Begeisterte Amateur-Astronautin

Ansari ist seit ihrer Jugend raumfahrtbegeistert. Sie hat in den USA Elektrotechnik und Computerwissenschaften studiert und mit ihrem Mann und einem Schwager ein Millionenvermögen mit ihrem Telekommunikationsunternehmen gemacht. Die Amateur-Astronautin gehört auch zu den Stiftern des mit zehn Millionen Dollar dotierten Ansari-Preises für den ersten privat finanzierten Raumflug. Vor Ansari waren bereits die Amerikaner Dennis Titow und Gregory Olsen sowie der Südafrikaner Mark Shuttleworth mit einem russischen Ticket als Weltraumtouristen in der ISS.
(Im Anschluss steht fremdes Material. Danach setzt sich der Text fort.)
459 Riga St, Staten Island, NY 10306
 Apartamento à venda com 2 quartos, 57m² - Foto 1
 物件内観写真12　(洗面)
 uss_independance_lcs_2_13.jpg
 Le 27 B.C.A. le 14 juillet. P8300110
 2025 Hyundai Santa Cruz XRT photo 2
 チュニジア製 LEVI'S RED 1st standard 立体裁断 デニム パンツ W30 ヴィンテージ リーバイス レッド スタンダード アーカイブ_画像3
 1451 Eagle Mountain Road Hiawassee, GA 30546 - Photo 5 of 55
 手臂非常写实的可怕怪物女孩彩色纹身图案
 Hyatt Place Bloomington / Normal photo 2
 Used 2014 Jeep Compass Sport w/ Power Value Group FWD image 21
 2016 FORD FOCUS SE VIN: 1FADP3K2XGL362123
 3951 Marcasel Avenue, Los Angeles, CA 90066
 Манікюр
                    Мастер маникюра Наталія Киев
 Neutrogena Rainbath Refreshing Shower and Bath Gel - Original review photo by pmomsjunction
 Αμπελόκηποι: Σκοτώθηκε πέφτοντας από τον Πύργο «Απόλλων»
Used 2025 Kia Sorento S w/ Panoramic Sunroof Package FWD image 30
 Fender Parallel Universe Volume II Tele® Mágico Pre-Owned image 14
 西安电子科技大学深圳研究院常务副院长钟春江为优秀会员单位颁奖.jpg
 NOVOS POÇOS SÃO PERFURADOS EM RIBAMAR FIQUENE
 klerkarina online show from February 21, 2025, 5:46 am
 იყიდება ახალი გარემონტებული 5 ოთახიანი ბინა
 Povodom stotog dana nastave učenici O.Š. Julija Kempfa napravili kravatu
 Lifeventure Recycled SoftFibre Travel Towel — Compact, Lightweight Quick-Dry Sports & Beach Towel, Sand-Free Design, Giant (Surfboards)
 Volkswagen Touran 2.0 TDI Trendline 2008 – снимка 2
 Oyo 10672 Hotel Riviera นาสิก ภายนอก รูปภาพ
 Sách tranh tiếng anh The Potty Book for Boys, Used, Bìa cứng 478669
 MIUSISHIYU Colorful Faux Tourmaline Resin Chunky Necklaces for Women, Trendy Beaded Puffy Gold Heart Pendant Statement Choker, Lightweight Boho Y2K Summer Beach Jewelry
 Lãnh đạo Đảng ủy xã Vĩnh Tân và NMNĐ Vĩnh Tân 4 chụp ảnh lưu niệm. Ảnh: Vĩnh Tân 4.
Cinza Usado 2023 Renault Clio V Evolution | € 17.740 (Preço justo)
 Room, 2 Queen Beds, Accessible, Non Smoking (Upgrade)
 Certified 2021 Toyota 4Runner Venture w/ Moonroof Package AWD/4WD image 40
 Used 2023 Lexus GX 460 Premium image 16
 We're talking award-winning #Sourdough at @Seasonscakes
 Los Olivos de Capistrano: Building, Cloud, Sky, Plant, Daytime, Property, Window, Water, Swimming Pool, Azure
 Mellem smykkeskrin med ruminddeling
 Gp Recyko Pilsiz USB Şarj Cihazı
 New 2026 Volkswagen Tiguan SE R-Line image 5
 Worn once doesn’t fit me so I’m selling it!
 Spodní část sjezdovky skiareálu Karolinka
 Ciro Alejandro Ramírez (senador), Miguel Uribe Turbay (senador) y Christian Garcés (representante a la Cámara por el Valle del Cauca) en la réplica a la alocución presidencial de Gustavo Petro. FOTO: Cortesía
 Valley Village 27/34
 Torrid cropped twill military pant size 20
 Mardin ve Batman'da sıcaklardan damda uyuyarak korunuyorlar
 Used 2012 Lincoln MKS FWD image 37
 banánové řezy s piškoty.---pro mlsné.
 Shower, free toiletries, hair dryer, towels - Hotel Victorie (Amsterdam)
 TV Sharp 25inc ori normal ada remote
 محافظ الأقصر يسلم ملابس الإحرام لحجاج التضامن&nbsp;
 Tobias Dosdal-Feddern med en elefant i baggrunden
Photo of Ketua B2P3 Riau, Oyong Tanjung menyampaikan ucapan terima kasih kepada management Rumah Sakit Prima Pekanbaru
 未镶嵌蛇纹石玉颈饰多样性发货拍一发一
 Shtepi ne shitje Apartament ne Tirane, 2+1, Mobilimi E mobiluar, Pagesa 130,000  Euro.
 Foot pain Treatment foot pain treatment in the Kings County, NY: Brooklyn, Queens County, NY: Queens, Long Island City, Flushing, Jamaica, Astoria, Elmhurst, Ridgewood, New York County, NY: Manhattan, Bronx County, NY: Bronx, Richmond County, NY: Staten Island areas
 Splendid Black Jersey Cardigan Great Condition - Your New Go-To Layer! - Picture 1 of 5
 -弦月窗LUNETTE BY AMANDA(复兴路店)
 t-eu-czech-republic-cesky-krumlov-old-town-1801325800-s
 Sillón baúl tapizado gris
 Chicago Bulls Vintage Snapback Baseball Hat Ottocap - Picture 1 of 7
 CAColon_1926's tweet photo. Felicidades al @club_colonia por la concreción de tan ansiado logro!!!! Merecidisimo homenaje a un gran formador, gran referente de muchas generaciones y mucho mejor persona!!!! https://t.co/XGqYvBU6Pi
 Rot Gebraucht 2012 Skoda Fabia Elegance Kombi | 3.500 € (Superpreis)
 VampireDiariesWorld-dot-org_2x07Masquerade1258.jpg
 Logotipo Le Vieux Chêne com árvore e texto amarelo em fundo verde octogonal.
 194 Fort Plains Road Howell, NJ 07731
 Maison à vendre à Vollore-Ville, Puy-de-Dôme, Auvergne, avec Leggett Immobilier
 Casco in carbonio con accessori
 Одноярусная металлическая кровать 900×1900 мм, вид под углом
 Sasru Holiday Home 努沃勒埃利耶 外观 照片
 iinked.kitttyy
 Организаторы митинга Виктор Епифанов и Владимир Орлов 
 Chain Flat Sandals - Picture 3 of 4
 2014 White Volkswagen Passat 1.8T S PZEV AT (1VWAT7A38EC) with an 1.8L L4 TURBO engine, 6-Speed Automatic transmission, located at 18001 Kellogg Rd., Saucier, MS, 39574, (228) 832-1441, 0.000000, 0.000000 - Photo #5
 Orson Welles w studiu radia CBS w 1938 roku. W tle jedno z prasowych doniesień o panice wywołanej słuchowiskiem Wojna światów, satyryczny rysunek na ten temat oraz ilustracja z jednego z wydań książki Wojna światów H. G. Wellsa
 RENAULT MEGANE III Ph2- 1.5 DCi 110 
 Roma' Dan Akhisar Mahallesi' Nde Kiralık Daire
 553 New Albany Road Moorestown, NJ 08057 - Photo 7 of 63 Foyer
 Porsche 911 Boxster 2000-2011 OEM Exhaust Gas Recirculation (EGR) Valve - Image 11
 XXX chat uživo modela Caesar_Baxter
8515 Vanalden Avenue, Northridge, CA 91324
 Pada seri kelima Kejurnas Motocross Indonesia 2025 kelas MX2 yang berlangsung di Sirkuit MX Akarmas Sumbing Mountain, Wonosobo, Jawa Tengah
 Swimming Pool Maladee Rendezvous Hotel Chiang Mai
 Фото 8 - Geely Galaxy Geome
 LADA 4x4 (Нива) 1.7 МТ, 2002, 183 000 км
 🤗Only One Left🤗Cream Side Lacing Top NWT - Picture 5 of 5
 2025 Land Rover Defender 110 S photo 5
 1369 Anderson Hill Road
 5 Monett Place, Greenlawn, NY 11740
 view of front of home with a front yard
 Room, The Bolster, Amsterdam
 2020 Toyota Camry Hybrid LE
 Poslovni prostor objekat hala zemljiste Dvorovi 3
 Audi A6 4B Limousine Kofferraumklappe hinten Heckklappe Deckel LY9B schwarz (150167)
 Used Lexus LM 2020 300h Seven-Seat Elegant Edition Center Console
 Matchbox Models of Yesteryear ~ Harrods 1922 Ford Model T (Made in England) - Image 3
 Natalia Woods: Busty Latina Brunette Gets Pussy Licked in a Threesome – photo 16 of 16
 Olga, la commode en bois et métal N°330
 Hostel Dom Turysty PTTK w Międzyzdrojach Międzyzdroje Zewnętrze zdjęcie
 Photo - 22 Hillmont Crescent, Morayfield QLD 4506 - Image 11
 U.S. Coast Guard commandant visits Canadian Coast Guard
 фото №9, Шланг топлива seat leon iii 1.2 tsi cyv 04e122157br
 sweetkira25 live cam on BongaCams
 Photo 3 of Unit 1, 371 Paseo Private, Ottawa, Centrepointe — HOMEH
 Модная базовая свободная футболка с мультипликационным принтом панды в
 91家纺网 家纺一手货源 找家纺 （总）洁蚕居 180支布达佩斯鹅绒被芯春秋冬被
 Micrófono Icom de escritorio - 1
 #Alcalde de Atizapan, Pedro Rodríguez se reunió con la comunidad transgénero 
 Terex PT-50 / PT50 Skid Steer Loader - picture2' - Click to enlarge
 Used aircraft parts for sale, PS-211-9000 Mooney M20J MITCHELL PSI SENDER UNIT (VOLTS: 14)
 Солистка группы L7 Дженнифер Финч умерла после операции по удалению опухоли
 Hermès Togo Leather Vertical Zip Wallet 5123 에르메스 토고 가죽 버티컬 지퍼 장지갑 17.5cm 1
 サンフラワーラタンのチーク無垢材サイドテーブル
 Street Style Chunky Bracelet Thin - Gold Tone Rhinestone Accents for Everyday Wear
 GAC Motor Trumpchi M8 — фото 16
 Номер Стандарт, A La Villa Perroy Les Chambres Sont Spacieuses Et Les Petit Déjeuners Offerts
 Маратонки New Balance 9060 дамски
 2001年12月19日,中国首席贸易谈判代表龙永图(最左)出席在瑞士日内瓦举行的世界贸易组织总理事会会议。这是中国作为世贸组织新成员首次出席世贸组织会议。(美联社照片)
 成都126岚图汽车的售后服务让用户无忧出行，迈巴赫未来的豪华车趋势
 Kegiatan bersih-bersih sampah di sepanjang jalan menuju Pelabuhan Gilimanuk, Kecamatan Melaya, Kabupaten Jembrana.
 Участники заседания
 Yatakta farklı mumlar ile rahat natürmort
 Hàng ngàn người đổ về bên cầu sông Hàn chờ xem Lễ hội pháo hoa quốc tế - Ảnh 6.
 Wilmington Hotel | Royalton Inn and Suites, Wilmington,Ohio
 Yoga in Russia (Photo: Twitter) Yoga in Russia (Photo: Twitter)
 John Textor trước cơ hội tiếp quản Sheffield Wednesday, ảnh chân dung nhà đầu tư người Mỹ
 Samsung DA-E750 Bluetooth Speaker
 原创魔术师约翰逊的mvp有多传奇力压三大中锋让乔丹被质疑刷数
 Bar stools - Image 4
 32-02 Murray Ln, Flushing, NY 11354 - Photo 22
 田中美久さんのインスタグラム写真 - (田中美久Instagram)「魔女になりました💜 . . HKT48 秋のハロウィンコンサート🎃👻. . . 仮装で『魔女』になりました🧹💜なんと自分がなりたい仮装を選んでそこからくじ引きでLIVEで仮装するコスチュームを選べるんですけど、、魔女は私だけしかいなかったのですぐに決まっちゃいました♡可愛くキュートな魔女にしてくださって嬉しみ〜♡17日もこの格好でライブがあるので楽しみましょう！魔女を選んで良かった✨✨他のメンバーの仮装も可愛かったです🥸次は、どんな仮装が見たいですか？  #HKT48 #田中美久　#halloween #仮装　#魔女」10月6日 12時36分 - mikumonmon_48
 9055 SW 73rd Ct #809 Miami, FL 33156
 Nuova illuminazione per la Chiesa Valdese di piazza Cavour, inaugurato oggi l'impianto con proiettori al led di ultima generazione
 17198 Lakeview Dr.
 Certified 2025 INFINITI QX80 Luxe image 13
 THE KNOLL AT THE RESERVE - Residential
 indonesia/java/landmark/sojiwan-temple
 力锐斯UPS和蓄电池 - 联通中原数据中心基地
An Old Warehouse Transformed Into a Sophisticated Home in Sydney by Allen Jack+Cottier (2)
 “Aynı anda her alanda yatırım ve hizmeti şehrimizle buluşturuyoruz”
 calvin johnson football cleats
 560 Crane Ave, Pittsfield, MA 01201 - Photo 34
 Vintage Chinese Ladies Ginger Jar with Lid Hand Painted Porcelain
Ursprünglich sollte "Sojus TMA-9" bereits am 14. September starten. Doch wegen der Probleme mit der US-Raumfähre "Atlantis" musste die Mission verschoben werden. Die "Atlantis" hatte am 11. September mit rund 14-tägiger Verspätung an der ISS angelegt und neue Sonnenbatterien auf die Umlaufbahn gebracht. Am Sonntag hatte die Fähre wieder von der Station abgelegt und den Heimweg angetreten. "Atlantis" soll am Mittwoch landen, während die "Sojus"-Kapsel an der ISS andockt. (Von Gerhard Kowalski, ddp)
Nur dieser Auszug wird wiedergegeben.